Within the records below, how many lines hold the string "Everyday"? State that number and nothing else.

——————————

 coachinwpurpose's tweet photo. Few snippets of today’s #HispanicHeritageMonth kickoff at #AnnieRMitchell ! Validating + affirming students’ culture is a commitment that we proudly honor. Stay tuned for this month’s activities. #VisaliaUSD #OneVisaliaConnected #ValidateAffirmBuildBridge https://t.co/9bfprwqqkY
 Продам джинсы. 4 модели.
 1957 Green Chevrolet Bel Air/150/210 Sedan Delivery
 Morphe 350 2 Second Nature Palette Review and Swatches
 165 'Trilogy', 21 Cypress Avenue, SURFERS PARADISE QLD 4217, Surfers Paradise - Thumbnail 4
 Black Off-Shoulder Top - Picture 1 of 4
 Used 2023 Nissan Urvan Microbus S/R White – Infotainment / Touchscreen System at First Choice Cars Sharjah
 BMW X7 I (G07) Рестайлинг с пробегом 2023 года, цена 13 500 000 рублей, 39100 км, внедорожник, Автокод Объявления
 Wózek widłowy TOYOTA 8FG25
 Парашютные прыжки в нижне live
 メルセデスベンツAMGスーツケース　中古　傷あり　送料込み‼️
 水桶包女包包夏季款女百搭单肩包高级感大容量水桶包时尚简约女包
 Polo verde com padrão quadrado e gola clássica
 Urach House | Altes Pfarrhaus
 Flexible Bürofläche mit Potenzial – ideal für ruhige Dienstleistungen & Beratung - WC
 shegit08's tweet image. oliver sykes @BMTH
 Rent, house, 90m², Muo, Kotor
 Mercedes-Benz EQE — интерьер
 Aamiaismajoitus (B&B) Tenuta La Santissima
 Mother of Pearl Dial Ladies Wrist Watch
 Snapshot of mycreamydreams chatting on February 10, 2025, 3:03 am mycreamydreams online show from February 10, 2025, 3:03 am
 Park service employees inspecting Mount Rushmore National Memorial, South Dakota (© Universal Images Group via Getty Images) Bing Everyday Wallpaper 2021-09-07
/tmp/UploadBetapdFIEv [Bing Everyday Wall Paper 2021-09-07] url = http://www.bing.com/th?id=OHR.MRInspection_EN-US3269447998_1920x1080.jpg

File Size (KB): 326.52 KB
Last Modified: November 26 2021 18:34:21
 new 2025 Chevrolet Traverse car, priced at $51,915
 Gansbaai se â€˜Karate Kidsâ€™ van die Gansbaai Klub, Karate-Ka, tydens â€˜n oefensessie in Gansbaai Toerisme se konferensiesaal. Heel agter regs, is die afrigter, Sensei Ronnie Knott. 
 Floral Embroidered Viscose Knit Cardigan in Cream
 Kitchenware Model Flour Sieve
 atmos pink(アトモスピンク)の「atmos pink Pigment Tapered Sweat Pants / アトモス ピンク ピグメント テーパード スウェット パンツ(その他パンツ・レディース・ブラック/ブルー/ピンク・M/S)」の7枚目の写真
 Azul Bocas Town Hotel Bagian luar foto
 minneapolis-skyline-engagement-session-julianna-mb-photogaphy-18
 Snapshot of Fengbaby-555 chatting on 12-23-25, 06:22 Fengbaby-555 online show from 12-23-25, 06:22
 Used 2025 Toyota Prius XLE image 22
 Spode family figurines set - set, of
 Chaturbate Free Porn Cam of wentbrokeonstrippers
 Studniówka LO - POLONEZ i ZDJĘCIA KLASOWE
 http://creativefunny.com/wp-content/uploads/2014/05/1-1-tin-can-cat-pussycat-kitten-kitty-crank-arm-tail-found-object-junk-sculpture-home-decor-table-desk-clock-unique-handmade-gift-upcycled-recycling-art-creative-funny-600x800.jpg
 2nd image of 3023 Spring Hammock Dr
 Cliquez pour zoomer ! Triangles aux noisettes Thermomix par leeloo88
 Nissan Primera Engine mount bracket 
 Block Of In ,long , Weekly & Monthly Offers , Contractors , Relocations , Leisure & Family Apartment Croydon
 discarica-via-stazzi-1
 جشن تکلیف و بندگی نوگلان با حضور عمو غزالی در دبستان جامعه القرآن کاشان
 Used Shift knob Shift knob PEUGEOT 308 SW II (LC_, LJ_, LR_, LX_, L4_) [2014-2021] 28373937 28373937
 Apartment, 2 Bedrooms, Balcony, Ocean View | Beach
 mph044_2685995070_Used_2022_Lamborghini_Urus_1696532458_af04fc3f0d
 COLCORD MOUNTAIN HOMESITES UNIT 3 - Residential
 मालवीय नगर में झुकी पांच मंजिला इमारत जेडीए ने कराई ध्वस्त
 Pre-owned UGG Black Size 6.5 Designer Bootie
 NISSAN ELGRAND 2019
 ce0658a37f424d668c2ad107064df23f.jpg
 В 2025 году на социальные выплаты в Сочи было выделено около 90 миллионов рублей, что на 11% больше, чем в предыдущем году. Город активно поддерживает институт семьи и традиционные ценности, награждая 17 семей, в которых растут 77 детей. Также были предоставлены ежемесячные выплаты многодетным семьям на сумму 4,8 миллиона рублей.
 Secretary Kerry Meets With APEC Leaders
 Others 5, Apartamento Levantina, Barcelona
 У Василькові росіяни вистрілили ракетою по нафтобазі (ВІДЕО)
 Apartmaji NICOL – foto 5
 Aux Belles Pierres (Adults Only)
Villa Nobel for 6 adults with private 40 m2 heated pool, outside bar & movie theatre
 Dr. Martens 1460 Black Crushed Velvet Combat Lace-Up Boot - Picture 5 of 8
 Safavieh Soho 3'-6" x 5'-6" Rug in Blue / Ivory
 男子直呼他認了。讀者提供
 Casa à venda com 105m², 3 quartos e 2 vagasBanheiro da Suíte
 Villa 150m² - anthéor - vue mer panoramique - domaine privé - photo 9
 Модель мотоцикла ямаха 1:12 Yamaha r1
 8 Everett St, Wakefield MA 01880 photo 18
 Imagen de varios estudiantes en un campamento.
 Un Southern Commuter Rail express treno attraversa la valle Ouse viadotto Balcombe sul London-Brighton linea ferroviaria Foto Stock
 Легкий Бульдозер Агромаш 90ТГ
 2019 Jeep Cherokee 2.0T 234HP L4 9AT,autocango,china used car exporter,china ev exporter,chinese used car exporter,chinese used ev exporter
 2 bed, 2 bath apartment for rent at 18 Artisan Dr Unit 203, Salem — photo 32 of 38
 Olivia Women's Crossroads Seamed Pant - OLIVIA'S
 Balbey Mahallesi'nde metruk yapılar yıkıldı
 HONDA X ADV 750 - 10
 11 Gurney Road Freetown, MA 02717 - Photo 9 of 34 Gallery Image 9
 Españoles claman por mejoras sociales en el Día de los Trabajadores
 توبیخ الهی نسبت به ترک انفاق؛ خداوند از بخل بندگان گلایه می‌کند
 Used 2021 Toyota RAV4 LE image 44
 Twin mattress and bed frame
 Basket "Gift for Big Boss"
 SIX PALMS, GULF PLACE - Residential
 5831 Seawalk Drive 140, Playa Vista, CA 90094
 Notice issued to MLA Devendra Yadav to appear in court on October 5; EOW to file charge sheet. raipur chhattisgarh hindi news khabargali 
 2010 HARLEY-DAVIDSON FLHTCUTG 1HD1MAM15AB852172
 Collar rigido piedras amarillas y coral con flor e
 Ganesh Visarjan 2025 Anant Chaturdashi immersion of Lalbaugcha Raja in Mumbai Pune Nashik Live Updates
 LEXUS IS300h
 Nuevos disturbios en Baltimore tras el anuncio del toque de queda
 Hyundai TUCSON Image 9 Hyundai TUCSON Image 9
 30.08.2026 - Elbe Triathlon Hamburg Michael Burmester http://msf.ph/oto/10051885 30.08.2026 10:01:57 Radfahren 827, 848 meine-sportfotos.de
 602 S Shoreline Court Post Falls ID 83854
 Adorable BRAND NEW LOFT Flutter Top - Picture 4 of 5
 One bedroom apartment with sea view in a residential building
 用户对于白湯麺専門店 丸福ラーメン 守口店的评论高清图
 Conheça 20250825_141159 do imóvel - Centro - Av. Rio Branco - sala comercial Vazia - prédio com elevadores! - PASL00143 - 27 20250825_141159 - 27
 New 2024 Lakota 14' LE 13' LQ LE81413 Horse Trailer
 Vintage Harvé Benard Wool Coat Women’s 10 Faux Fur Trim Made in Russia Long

——————————

_COMPLETED EXERCISE_
2